Incorporating these panels both during the initial testing process and throughout a patient’s entire hospital stay achieves several key goals.
- Avoiding misdiagnosis. More comprehensive testing rules out conditions that could be misdiagnosed during the fast-paced effort to provide care and ease patient suffering. This is even more crucial to patient care during a pandemic situation where symptoms are indicative of a variety of ailments.
- Administering faster treatment. With a full understanding of their patient’s condition, in a matter of hours instead of days, doctors can take appropriate action on antibiotic treatment faster.
- Preventing transmission. A study reported that, during the emergence of SARS in 2003, 76 percent of SARS-CoV infections were acquired in health care facilities, and patients with bacterial infections were found to be potential sources of superspreading. If doctors are able to identify other highly infectious diseases, including drug-resistant strains, they can isolate affected patients and reduce transmission rates.
- Preserving antibiotics.
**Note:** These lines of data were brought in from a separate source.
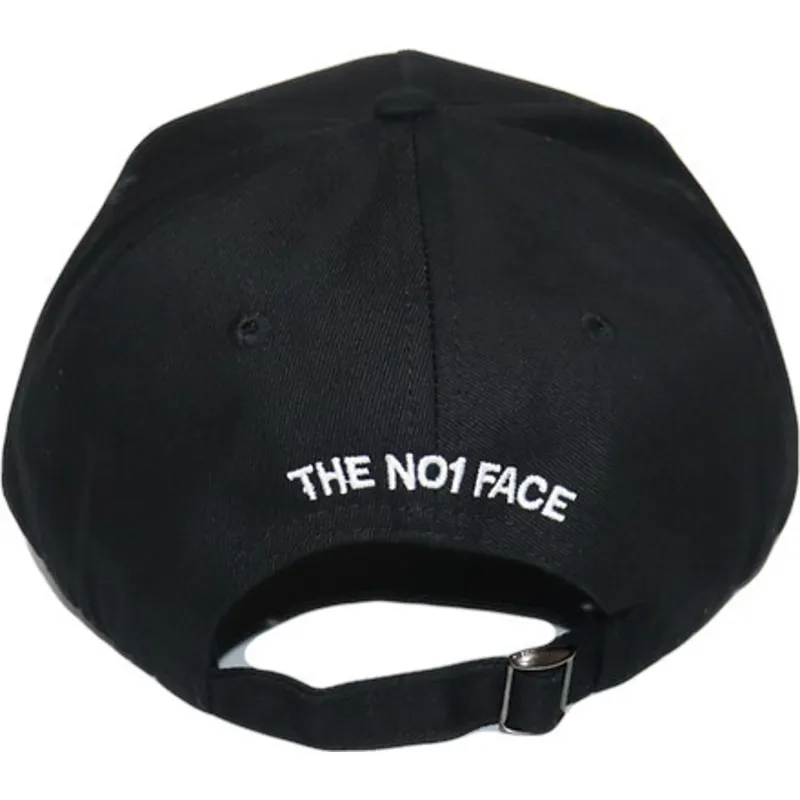 cappellino-curvo-nero-regolabile-no1-cares-distressed-black-gold-logo-di-the-no1-face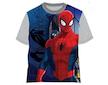 Chlapecké triko Spiderman (Evi19751) - šedá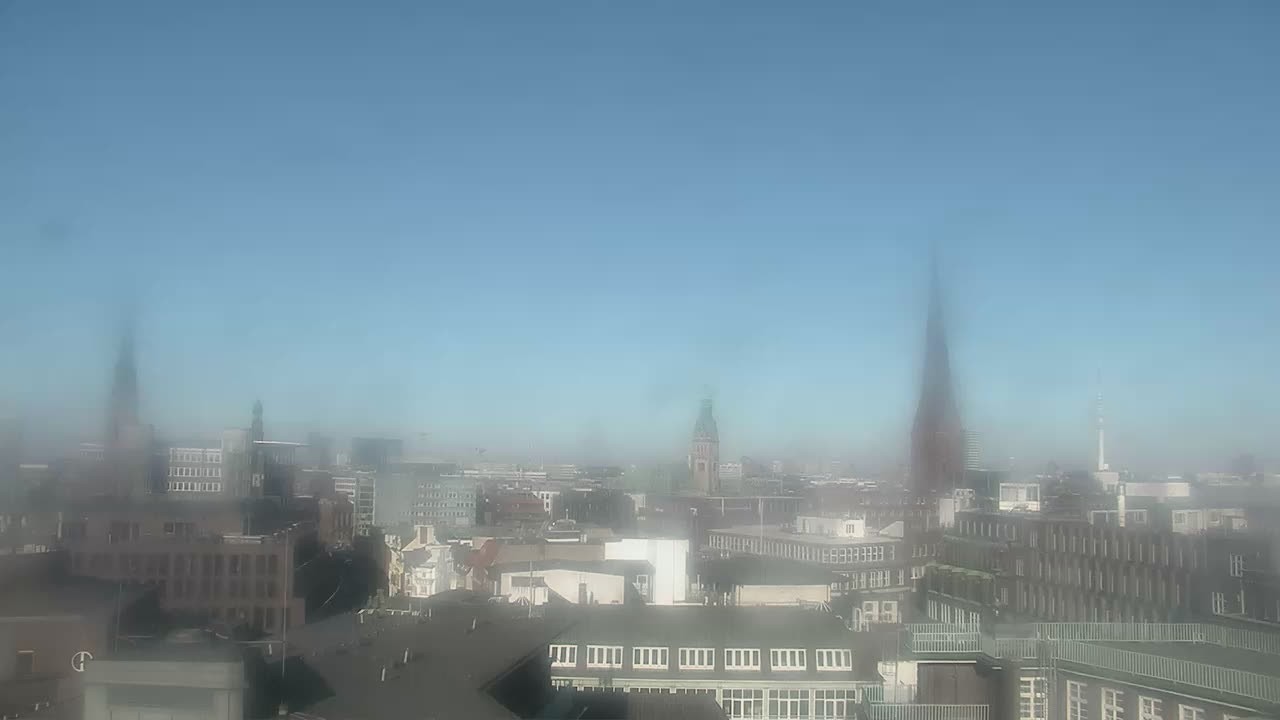 Archived image Webcam Hamburg: At the Chile House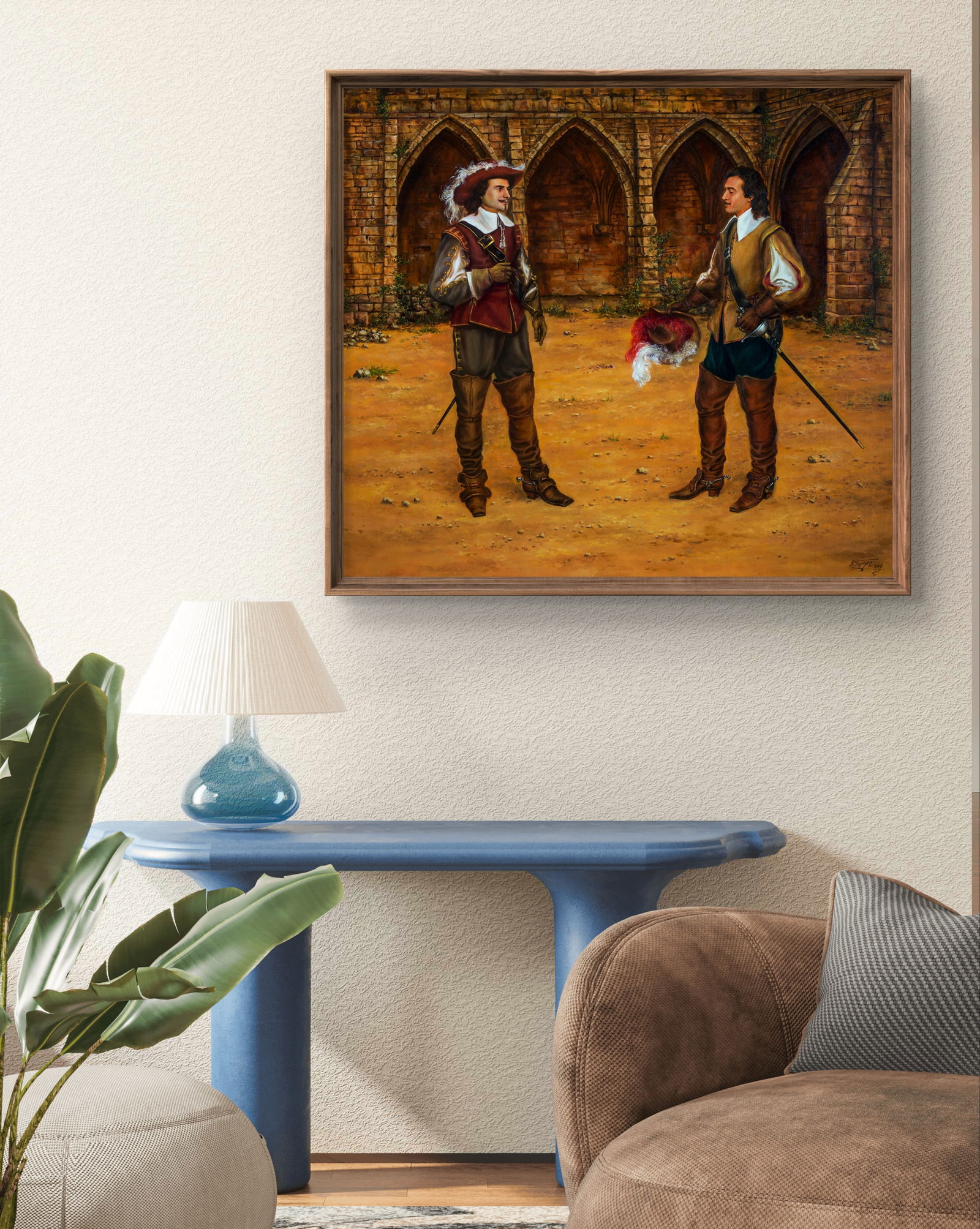 Oil painting Miracle Balm Valeriy Bulat - 2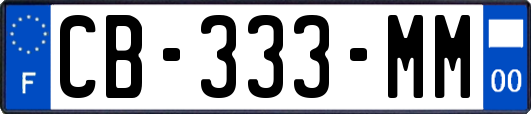 CB-333-MM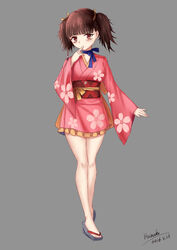  autographed kimono koutetsujou_no_kabaneri mumei tagme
If other bacterial pathogens are detected, these tests also provide guidance on proper treatment, including informed use of antibiotics for patients who need them. Test results that encourage antibiotic stewardship can lower a patient’s risk of developing a drug-resistant infection and subsequent complications, while also preserving precious antibiotics by decreasing the depletion of intravenous antibiotics that are in short supply.
- Decreasing length of stay. If the above protocols and steps are taken, another result of effective testing and clear direction for the treatment of these co-infections can be reduction in time patients spend in critical care. Not only is this beneficial to the patients, it also frees up hospital beds and equipment for more urgent cases.
As health care workers focus on providing critically ill coronavirus patients and at-risk individuals with access to the best possible care, we must not underestimate the danger of bacterial co-infections that can arise during treatment or be exacerbated by preexisting conditions and hospital stays. If things continue at the current pace, these critically ill hospitalized patients are likely to be impacted by secondary infections, and many will die as a result.
Addressing the issue is simple. Fast and reliable testing panels and modern molecular diagnostic technologies already exist for these bacterial co-infections. Caregivers, doctors and advocates for the most at-risk populations should incorporate these into the COVID-19 care and treatment model moving forward to ease suffering and improve outcomes.
Note: The author is CEO of OpGen, which makes diagnostic panels that detect a broad range of bacterial pathogens and resistance markers, many of which are common co-infections for COVID-19 patients.